Icy Rage

Knight watched as Mal pursed his lips, his frosty blue eyes gone as hard as ice.

He was pissed.  Beyond pissed.  Past something that Knight had never seen.

He was going to kill someone.

“What do you remember about the car?” Mal asked, his voice flat.

“A black Beemer,” said Knight, knowing the best thing to do would be to answer Mal’s question as best he could.  “Saw the shooter.  White guy.  Black hair pulled back, wearin’ a white tank.  He held the gun sideways, like gang-bangers.”

Knight didn’t give the man time to shoot at him, as he had swerved off the road just in case the man was going to.  He didn’t remember if the man did shoot at him.  He was too busy at that moment.

Mal took in a breath, and lifted his head to see a nurse come into the room.  “Mr. King?”

“Yes,” both men said.

The nurse looked from Mal to Knight, and addressed the big blond man in the emergency room gurney.  “Luckily, Dr. DeWare reset your bone so we’re going to keep you overnight to make sure it heals correctly and your children are unharmed.”

“It’ll heal.  Discharge me now.”

She shook her head.  “Mr.
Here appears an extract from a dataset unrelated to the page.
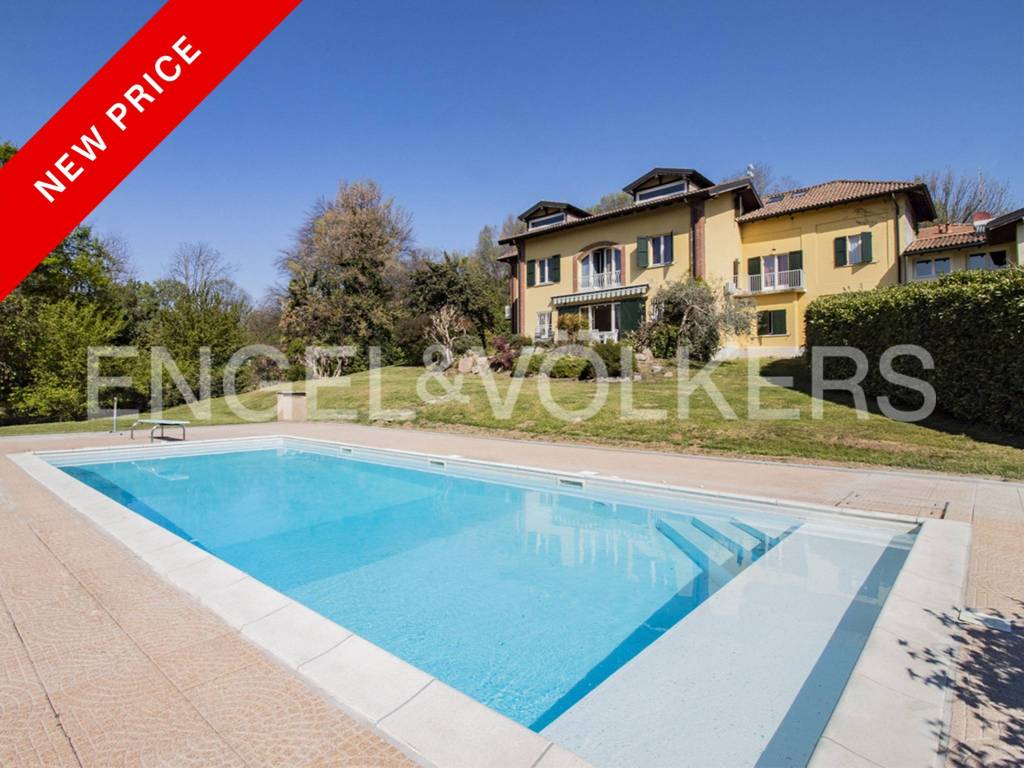 casa indipendente in vendita a Varese in zona Casbeno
King, after you stated you were pregnant, we need to make sure that everything is all right.”

“I wanna go back to Millennium City.”

“It’s only overnight.”

Knight crossed his arms.  Mal said, “I don’t want the chaos that I walked into earlier to happen again.”

Nurses, doctors, even the cleaning crew, were in Knight’s bay trying to get a gander at the pregnant man.   Knight held onto Scott’s rose as if it were a lifeline, even stuck it in the pocket of his jonnie.  It wasn’t until Mal shooed them away by a look and a growl that they finally left him alone and treated him.

“We’ll post a guard.”

“Not to mention that I’m staying.”

Mal slept in the recliner chair while Knight fitfully slept on the bed in the room.  He was still unable to walk on the leg the next morning, but it at least didn’t look twisted.  After six hours they gave him crutches and discharged him…

Into a maelstrom of reporters and paparazzi.

Leaving Kitty in the parking lot of the hospital, they climbed into a cab instead.  The cab driver, seeing both men’s angry faces, made no small talk as he drove them to their home in Millennium City.

And there were reporters there, too.

Fighting their way through that, they got upstairs.  Knight refused to answer the door, left the phone off the hook, didn’t answer his home phone, and drew the curtains.

He was royally, unequivocally, pissed off.  Mal paced the room.  “Maybe we can get Scott or Mike to put in a teleporter.”

“How will that work wi’ me?” Knight asked.  “I don’ wanna fuck things up.  I gotta get Kitty back.”

“I’ll get Kitty back.  Wait here.”

Mal got his leathers that he had worn the first time he rode with Knight.

“Be careful,” Knight said.

“I’ll be very careful, my love,” Mal said, and gave Knight a kiss.